Sindicatos: sem aumento de salários em 2019, haverá luta

( Nuno Pinto Fernandes/ Global Imagens )
( Nuno Pinto Fernandes/ Global Imagens )

Sindicatos não aceitam mais um ano de congelamento salarial e ameaçam com luta se as negociações não tiverem resultado.

Foi com surpresa e com intenção de ir para a luta que os sindicatos da função pública ouviram as declarações do primeiro-ministro que, em entrevista ao Diário de Notícias, afirmou ser mais importante direcionar a despesa para a contratação de novos trabalhadores do que para aumentar os salários dos que já estão na administração pública. O tempo para esta negociação ainda não chegou, mas tanto a Federação dos Sindicatos da Função Pública (Fesap) como o Sindicato dos Quadros Técnicos do Estado (STE), ambos afetos à UGT, e a Frente Comum, (afeta à CGTP), vão deixando claro que, sem um aumento salarial, os funcionários públicos farão ouvir o seu protesto nas ruas. A CGTP tem até já marcada uma manifestação para 9 de junho.

Dentro de muito pouco tempo, a Fesap, liderada por José Abraão, vai divulgar o valor de aumento salarial que exige para 2019. “Não vamos pedir mundos e fundos, mas queremos sinalizar que é necessário dignificar os salários e promover o virar de página de que tanto se fala”, precisou ao Dinheiro Vivo o dirigente sindical, antecipando que a proposta que irá colocar em cima da mesa deverá oscilar entre os 2,75% e os 3%.

Os representantes dos trabalhadores veem com bons olhos o reforço das contratações, mas avisam que não será possível manter os funcionários públicos mais um ano sem aumentos salariais depois da perda de poder de compra acumulada que ronda já os 20% – incluindo o efeito da inflação com o do aumento dos descontos para a Caixa Geral de Aposentações e ADSE.

“Pensava que esse discurso [de não subir os salários] já tinha ficado para trás, que já tínhamos, como o governo tem dito, virado a página da austeridade”, refere a presidente do STE, Helena Rodrigues, avisando que é “impensável” que os trabalhadores se mantenham com os salários congelados por mais um ano. E assinala que fazer novas contratações sem mexer nos salários da função pública, é uma forma de ir baixando as remunerações e de “desvalorizar a administração pública”.
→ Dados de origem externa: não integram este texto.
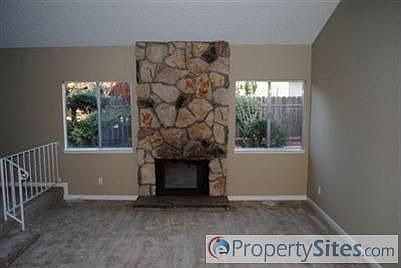 3rd image of 2847 Amherst Dr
“Muita luta”. É esta a resposta de José Abraão perante um cenário de novo congelamento. Sendo que, acrescenta, nesse caso, a Fesap não deixará de equacionar associar-se a outras forças sindicais para que todos os trabalhadores possam mostrar o sue protesto.

A ausência de aumentos salariais em 2018 tem levado a Frente Comum a mobilizar os trabalhadores para a luta, e o protesto irá endurecer se não houver do lado do governo sinais de mudança – que todos os sindicatos da função pública exigem que vão além do descongelamento das remunerações, que se iniciou em janeiro deste ano. Em comunicado, a CGTP, também veio ontem apelidar a posição do governo de “inadmissível” e a considerar como “imperativo nacional” o aumento dos salários.

Entendendo que o problema não se limita ao sector público, a CGTP agendou para 9 de junho uma manifestação nacional a exigir um aumento geral dos salários em que os trabalhadores do sector privado são convidados a juntar-se.